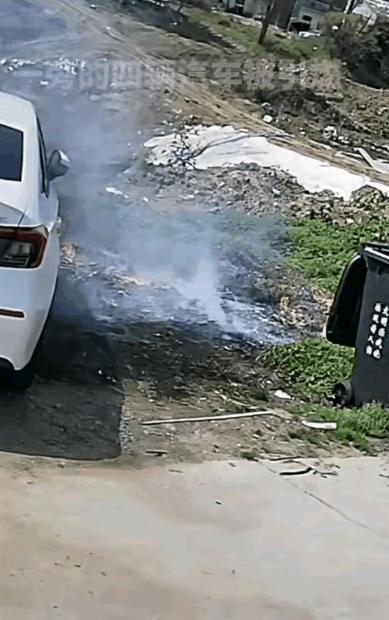 倒垃圾倒到倾家荡产！近日江苏镇江，一女子把一铲冒着烟的垃圾，倒入路边的垃圾桶，第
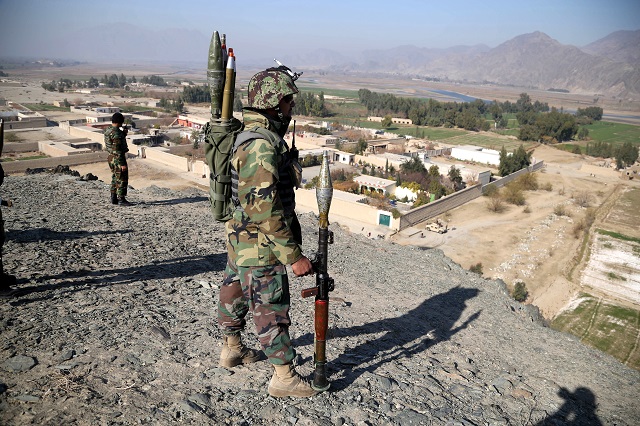 Талибаните потвърдиха: Преговорите със САЩ бяха успешни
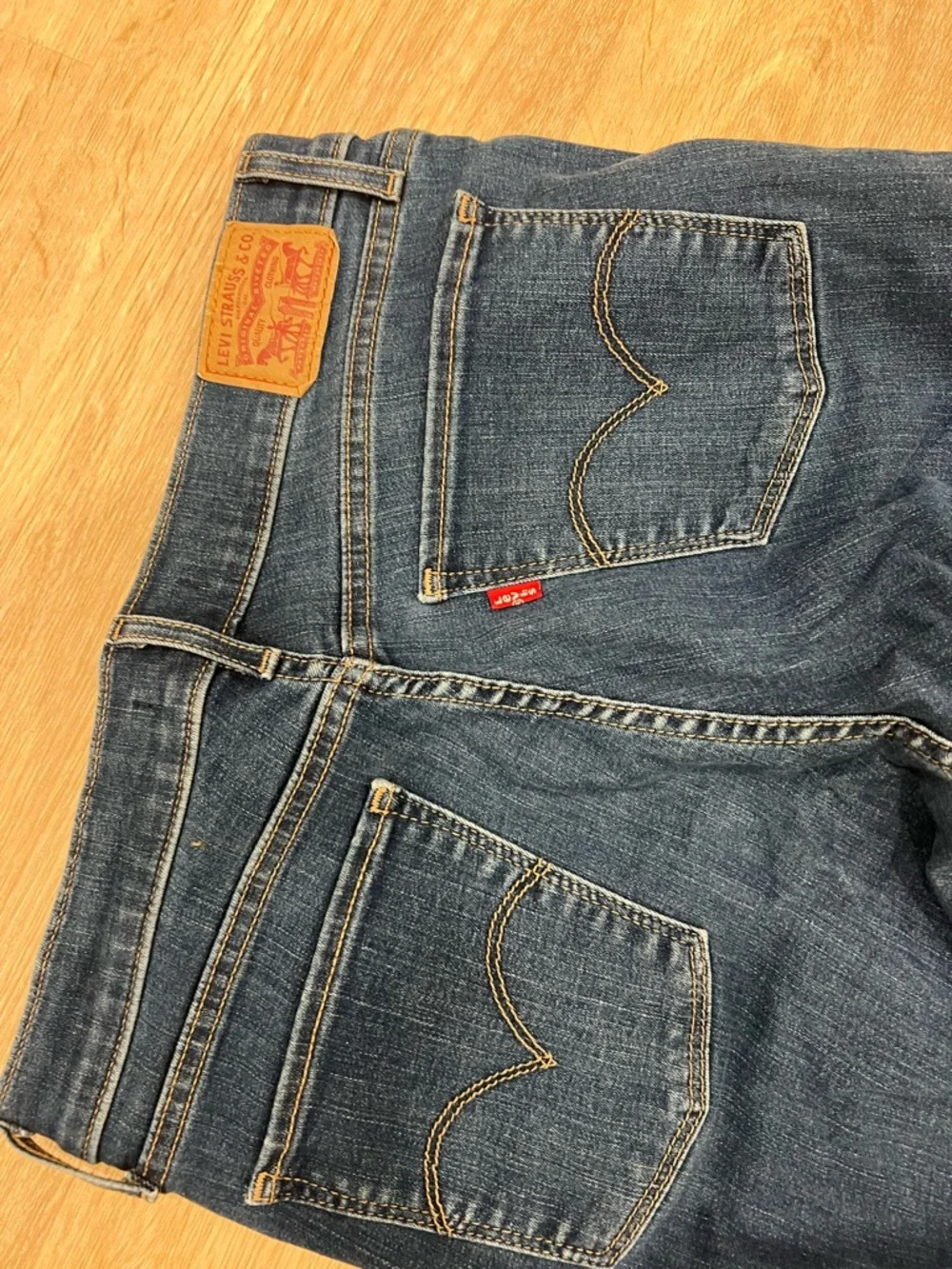 Levi's Distressed Indigo Skinny Jeans - Picture 5 of 5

[TASK TO COMPLETE]
If the data includes images, omit them, and set down everything else exactly as above.

[ANSWER]
 倒垃圾倒到倾家荡产！近日江苏镇江，一女子把一铲冒着烟的垃圾，倒入路边的垃圾桶，第
 Талибаните потвърдиха: Преговорите със САЩ бяха успешни
 Levi's Distressed Indigo Skinny Jeans - Picture 5 of 5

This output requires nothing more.